Unlike a normal studio space, Butters said the Geniele Gallery has allowed her a unique opportunity to interact with members of the public who are free to pop in and watch her work as they please.
"You really learn from peoples' reactions," she added.
Butters studied at the Sadie Bronfman School of Fine Arts in Montreal, which closed last year. There, she was able to focus on hands-on arts training in the studio as opposed to theory.
"It was expressive and intuitive, and it really explored the subconscious and I like that," she said, adding that detailed, intricate work isn't her forte.
Rather, Butters' florals and landscapes are full of broad, bold, natural strokes.
"I have a lot of energy and I don't want to do these meticulous things," she said.
"... I don't want to know what it's going to look like when it's finished - I want to get lost in it."
And why focus on flowers?
"Obviously, I'd have to be crazy not to like them," she said with a laugh.
But the shape of the flowers isn't what truly appeals to Butters. Rather, she is passionate about their colour and energy.
"When it really comes down to it, I don't believe it's necessarily what you paint that's important, it's how you paint," she said, "Like I could be sitting here painting a nude and still be painting the same way; I'd just be capturing a different subject matter."
Her natural, free approach comes from her admiration for the Automatists, who believed that everyone has a distinct natural movement or signature, and if you were to hold a pencil and put it to paper, eventually, your hand will move in a specific way.
"That mark is your mark - that's what comes from you and nobody else could copy that if they tried," Butters explained.
"... Even though I'm doing very traditional subject matter, I believe that my process might not necessarily be cutting edge, but its definitely real."

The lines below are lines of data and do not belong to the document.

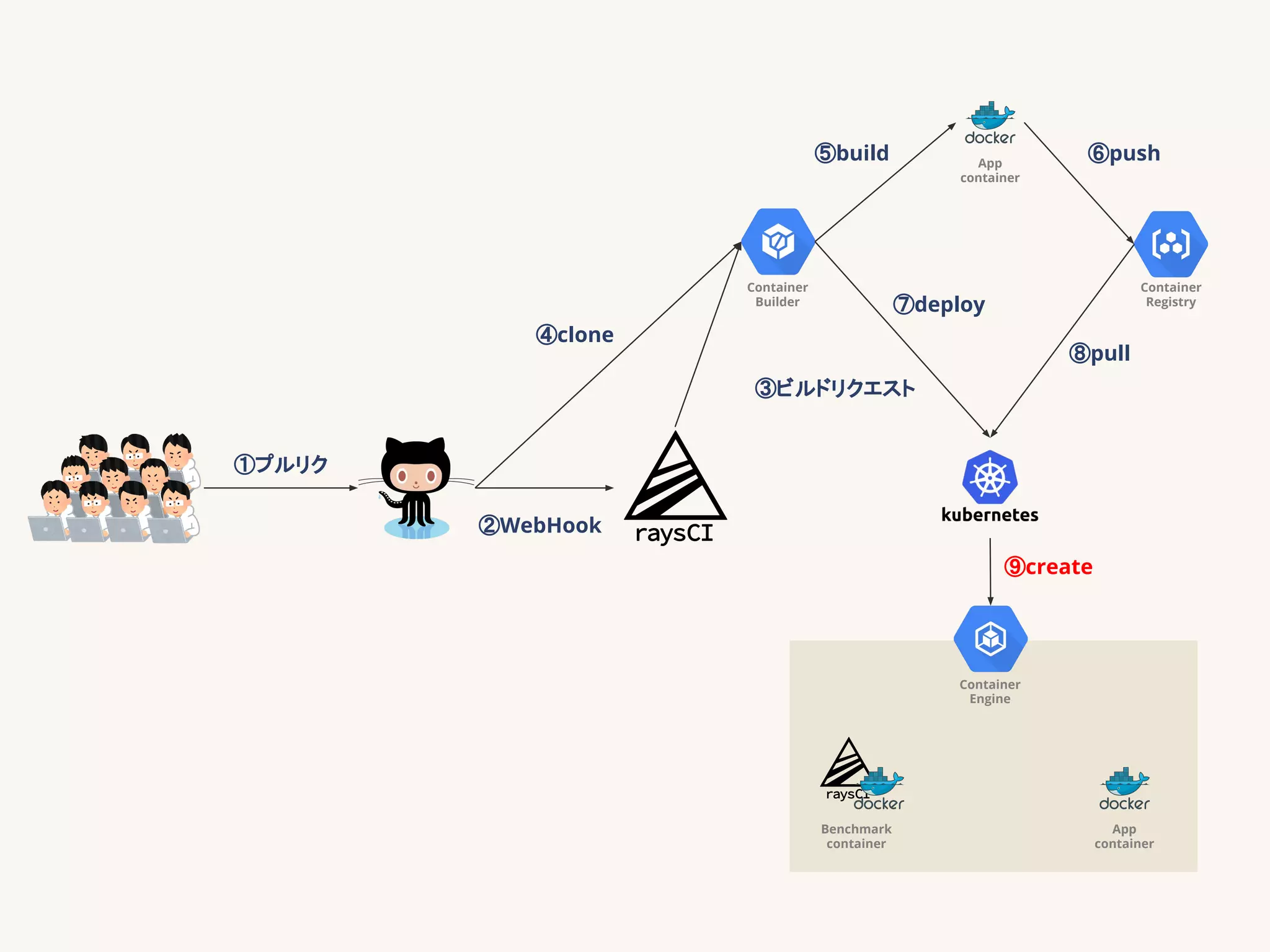 Container
Builder
Container
Registry
Container
Engine
Benchmark
container
App
container
App
container
①プルリク
②WebHook
③ビルドリクエスト
④clone
⑤build ⑥push
⑦deploy
⑧pull
⑨create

Butters is well known on the east coast art scene, and she has actually been a self-supporting artist since her second year of art school.
"But I didn't wait for people to come to me," she quickly pointed out.
Her ambition has clearly paid off.
"I had this idea in my head that success, you have to be at the right time, at the right place, and have talent," she reflected, "If you put those three things together, you have a better chance at succeeding because most people don't even try to go after their dreams."